Today, the mufti of Penang, Wan Salim Mohd Noor said that loudspeakers at mosques and suraus were only to be used for the azan (the call to prayer).
He said that this decision had been made in order to maintain peace and harmony. The link is here.
The mufti is right. One can be a devout Muslim without having to disrupt other people’s lives, their well-being or endanger their health.
For years, Malaysians have contacted me, to help address the problem of very loud azans in the vicinity of their homes.
Many tried approaching the local authorities and councils, only after they were unsuccessful in engaging with the mosque or surau officials.

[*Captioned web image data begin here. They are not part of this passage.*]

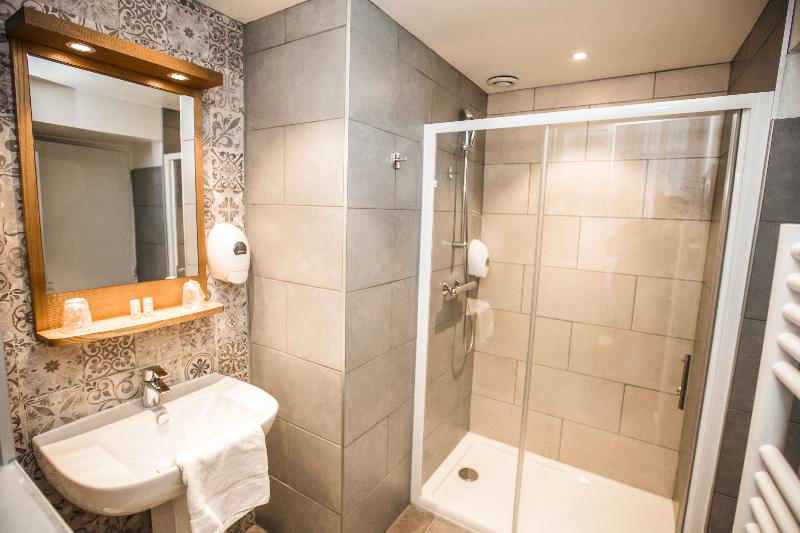 Номер Стандарт Индивидуальный, De L'univers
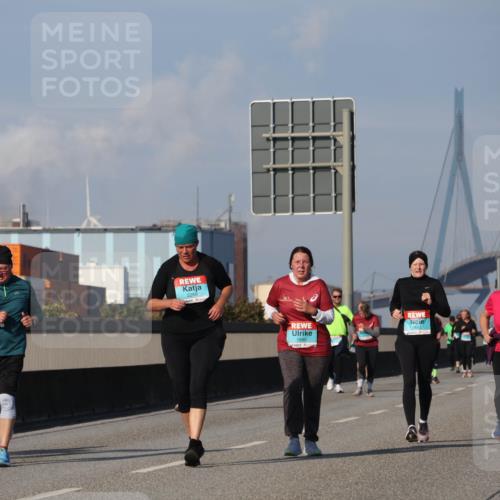 03.10.2025 - Köhlbrandbrückenlauf Luisa Fischer http://msf.ph/oto/8985854 03.10.2025 11:18:03 Position 3 7, 33, 2662 meine-sportfotos.de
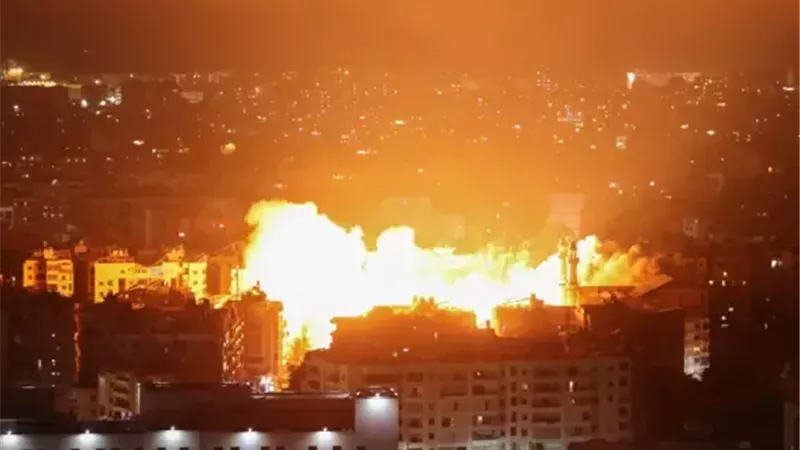 حزام ناري إسرائيلي مكثف على جنوب لبنان وتفجيرات في عدة مناطق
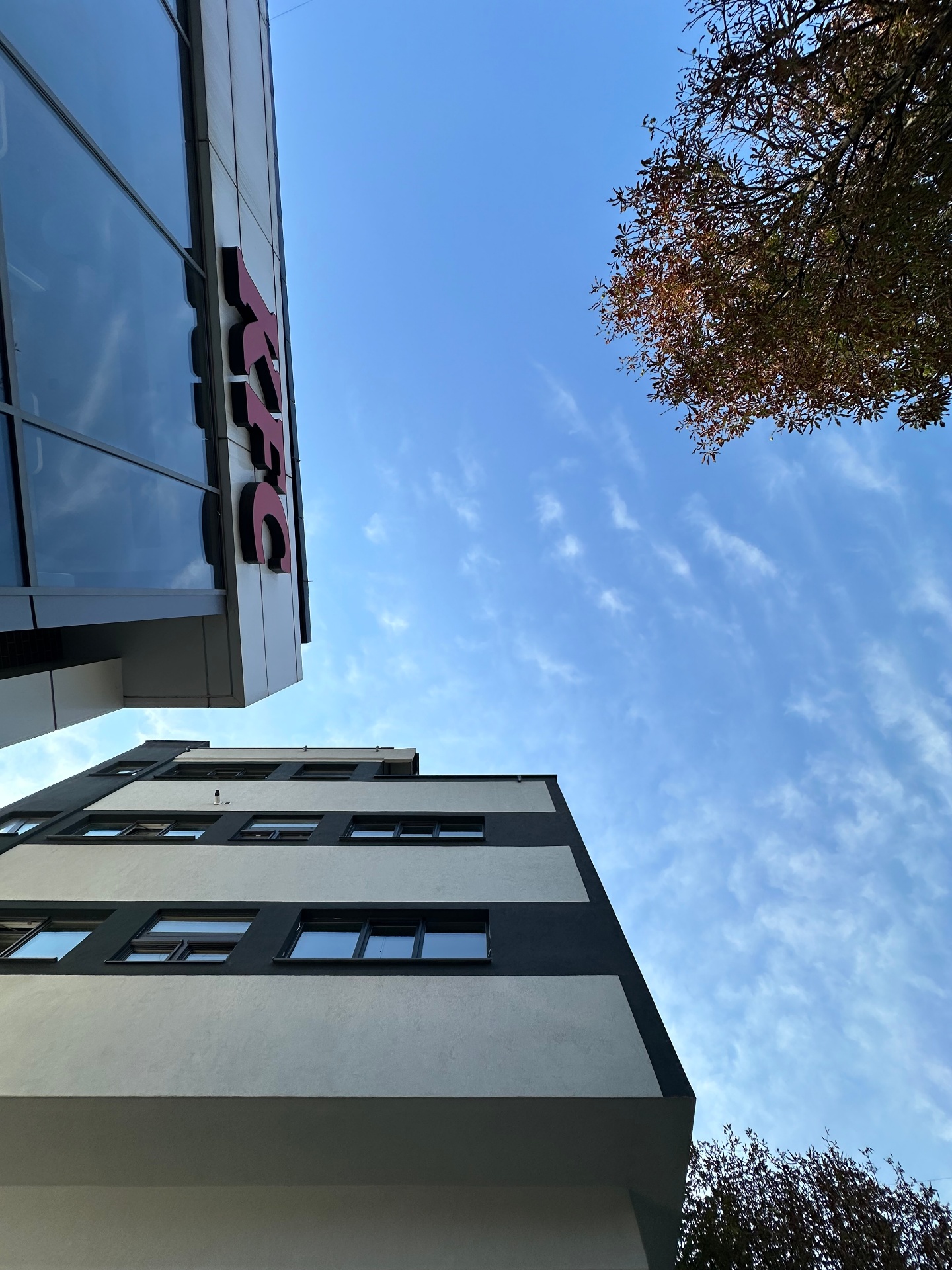 PIT4U Building Side View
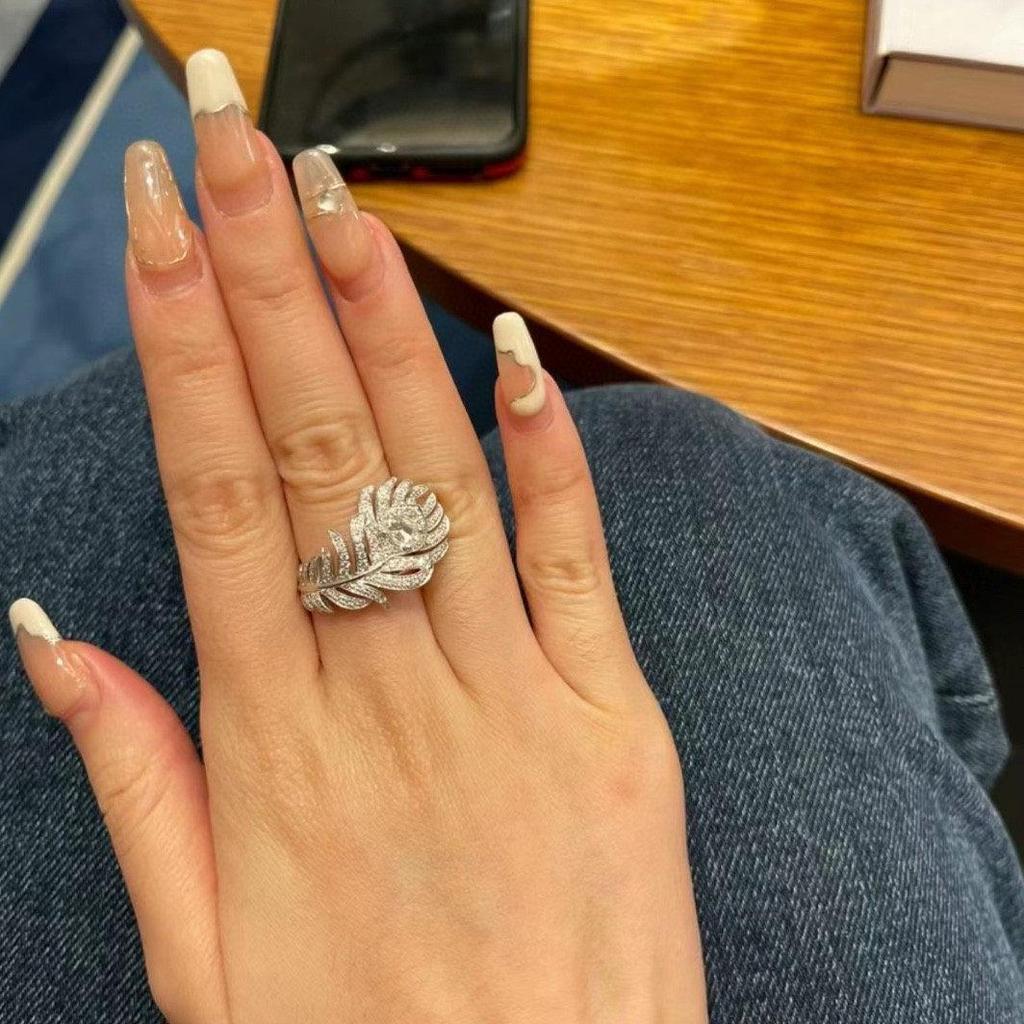 Zirconia Feather Metal Ring: High-End Korean Style, Simple and Trendy Versatile Women's Jewelry.
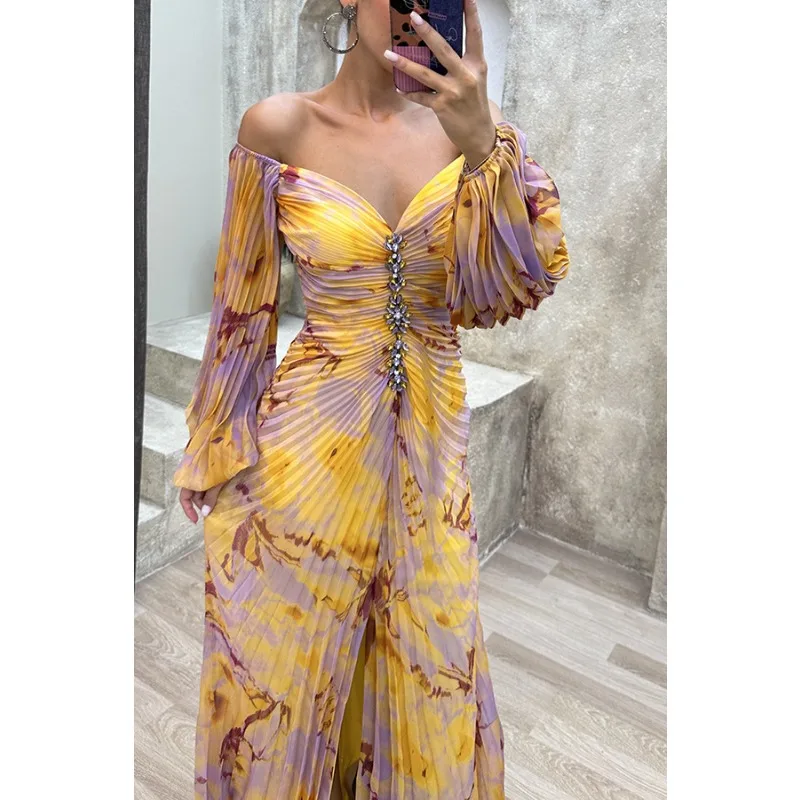 Элегантное женское вечернее платье с корсетом и складками осенне-зимнее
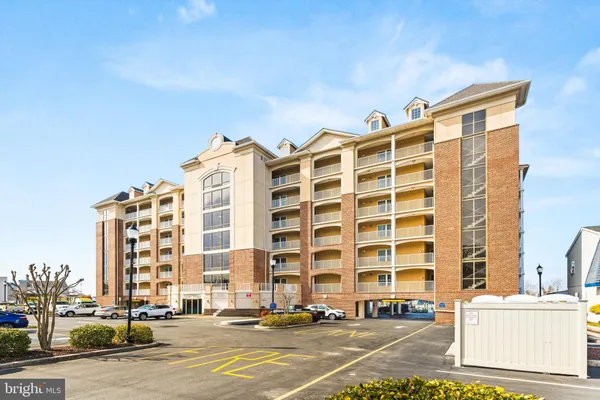 $339,900 | 530 Riverside Drive, Unit 202, Salisbury, MD 21801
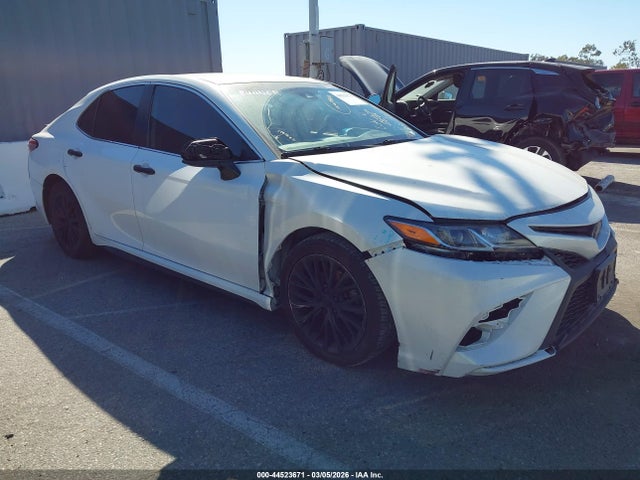 Salvage Toyota Camry Image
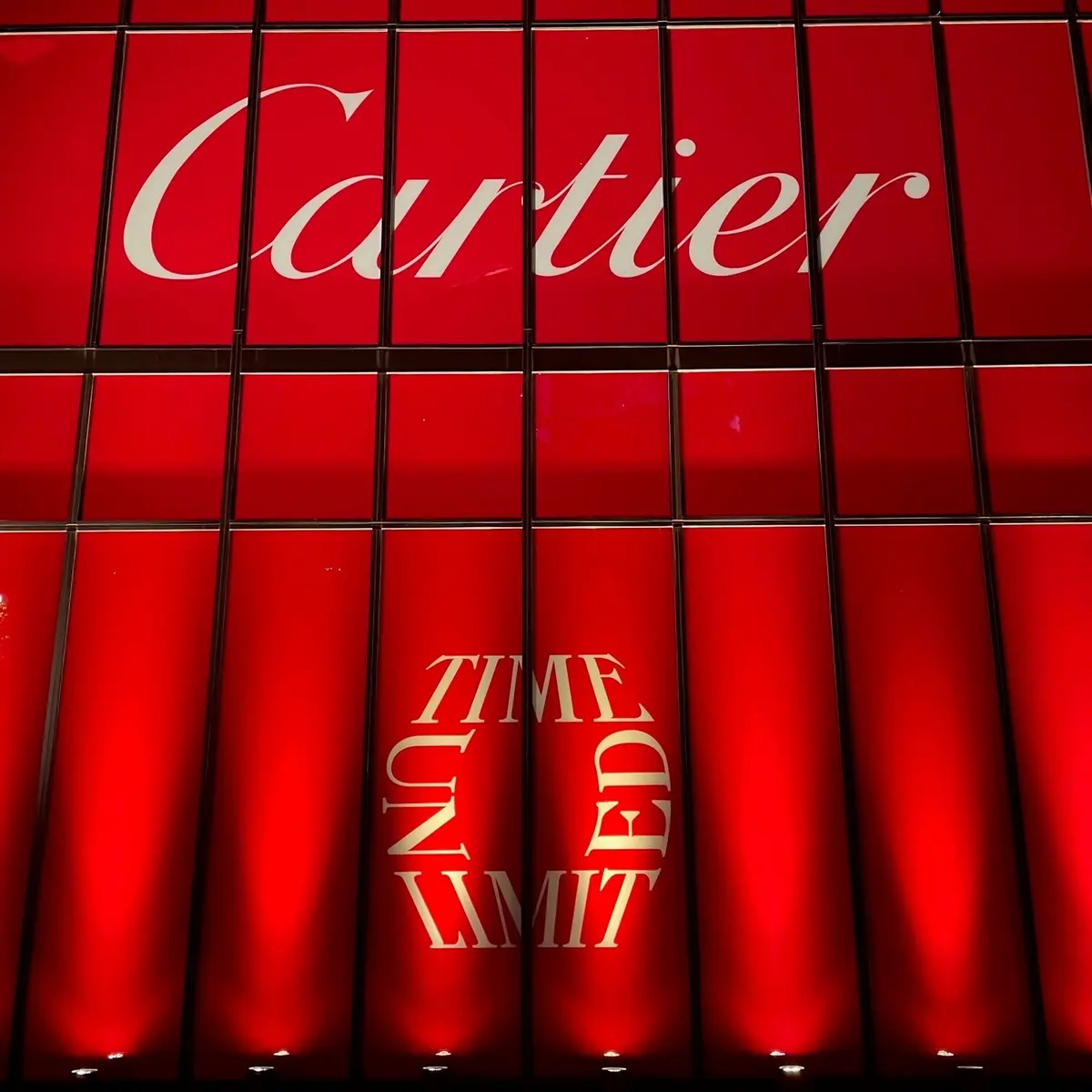 カルティエのイベント「TIME UNLIMITED – カルティエ ウォッチ 時を超える」の会場外観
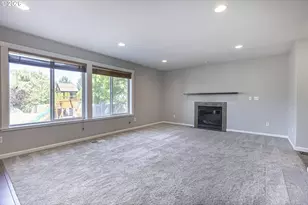 1819 N Main St, Newberg, OR 97132 - Photo 6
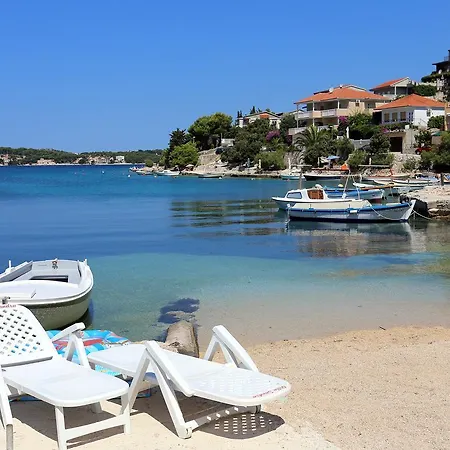 Razanj 8361b Rogoznica (Sibenik-Knin)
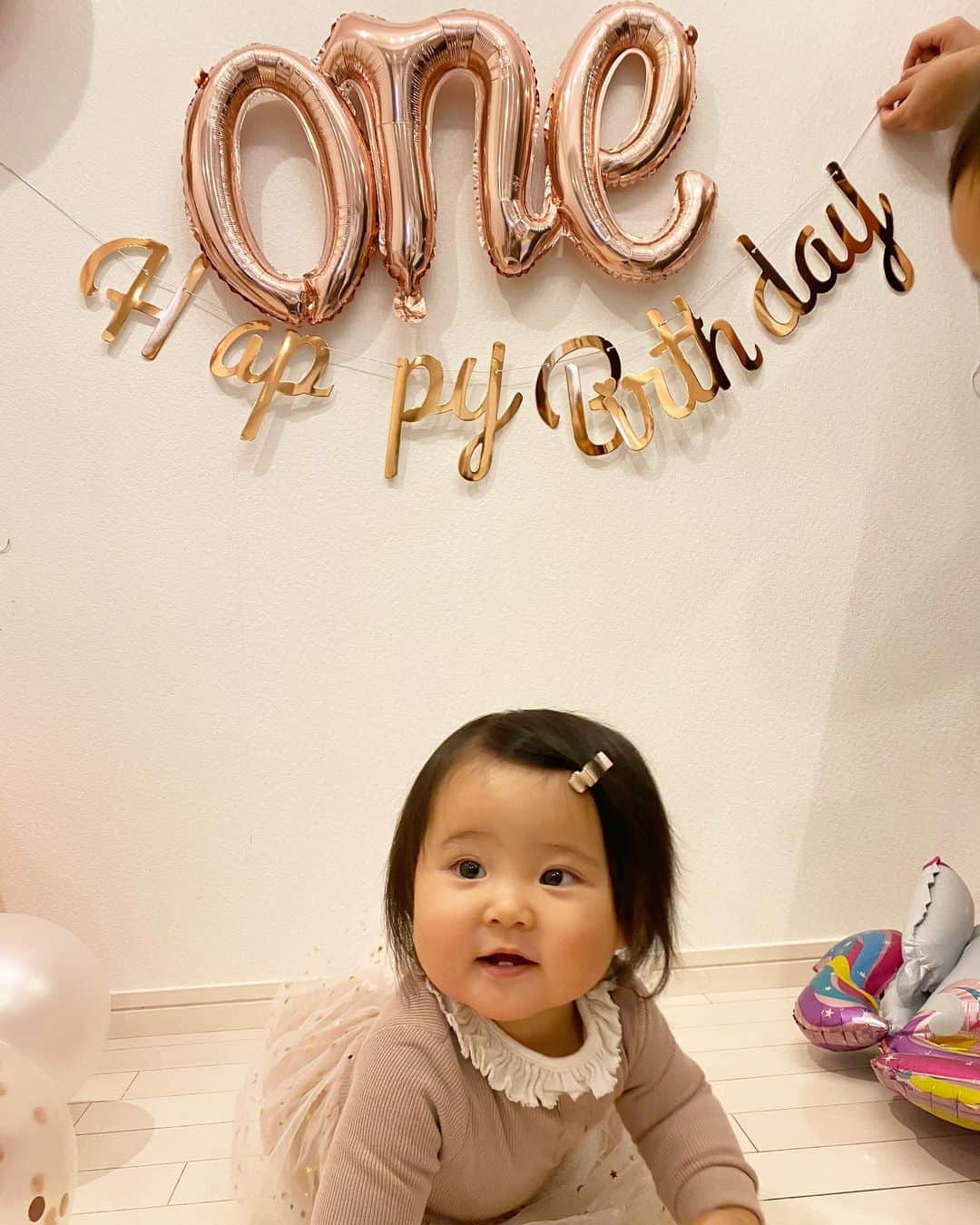 木村安梨沙さんのインスタグラム写真 - (木村安梨沙Instagram)「可愛い可愛い えまちゃんの一歳のお誕生日🎂♥️ おめでとう。 これからえまにとってたくさんの幸せが 溢れる人生になりますように、、、 少し歩けるようになってた🥰 早く一緒にお出かけしたいね❤️✨」1月23日 22時15分 - arisa1208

They tried to ask the maximum permissable decibels for the azan, but were unable to obtain a reply from the council.
Does the environmental department officials in charge of sound/noise pollution not know? Or is their refusal to respond to the query, because religion is termed a sensitive issue?
The people who wrote to me about the loud azans, both Muslim and non-Muslims, are NOT against the azan, but they find that the loudspeaker has been used to broadcast sermons, koran readings and talks. Often, these broadcasts can stretch for hours.
They can start before dawn, and some may extend late into the night. The issue of this noise pollution is worse during the fasting month.
It is bearable if the azan or recitals are given in a melodious voice, otherwise is it painful to most ears.
Most of the people who contacted me, live close to a mosque or surau. In some areas, they live close to three, maybe four mosques, and they are caught in the middle of competing azan loudspeakers.
Can you imagine anyone trying to study, or read, entertain, watch television, have a conversation, sleep, or just sit in peace and quiet contemplation, without a loud broadcast in the background?
Some say that their babies and childrens’ sleep is disturbed when the broadcasts are so loud and frequent.
People fall ill, but cannot rest adequately with the sound pollution. A few claim they have depression.
Many elderly people already have trouble sleeping. Loud, frequent broadcasts, do not help them have complete rest.
Some people claim that some mosques invest in the latest loudspeakers and the noise can even be heard 5 km away.
Others who live close to a few mosques or suraus, suffer a lot, when the mosques compete with one another, and try to outdo one another in loudness and length of broadcast. The lives of the residents become unbearable.
A few said that when they complained to have the decibels reduced, the mosque official would reduce the volume, but a few days later, would increase it to a higher volume than before the complaint was made. Why is the official being unpleasant?
No-one is calling for a ban
Why do the mosque officials feel it is OK to disturb others, both Muslims and non-Muslims?
No-one is asking to ban the azan, the original call to prayer. Can they not understand this?
Why is that so difficult to ask without a Muslim being told that they will rot in hell, and non-Muslims who complain are warned for being anti-Islam?
Didn’t Islam teach us to be compassionate and mindful of our neighbours and the feelings of others?
Malaysian Islam and Ketuanan Melayu: Is might right?
Why is the Umno-Baru/PAS brand of Islam in Malaysia, emulating the Ketuanan Melayu policy?
Why should Muslims force their beliefs on others using the loudspeaker to ram home the message? Do they think might is right?
The Penang mufti warned Muslims that they should not politicise the azan. He said that a group of Muslim NGOS had threatened to protest against the order by gathering at the governor’s residence.
They claimed that the ban on loudspeakers was an erosion of Muslim rights. How come only their rights are important?
These inconsiderate and arrogant Muslims do NOT know their religion.
In 2010, Penang’s Islamic authorities issued a fatwa banning the use of loudspeakers for the reading of al-Quran and tarhim before Subuh prayers.
In 2015, an advisory to discourage tazkirah, ceramah and wirid to be broadcast through loudspeakers was issued by the authorities.
The Penang mufti added, “…but we have yet to gazette them as fatwas, as many Muslims are unable to grasp the reason for the ban.
“It must be reminded that Islam does not want to see its adherents being seen as troublesome to others, even in matters of carrying out prayers.
“Muslims are constantly being reminded of this, but there are some who do not understand, or plainly refuse to understand.”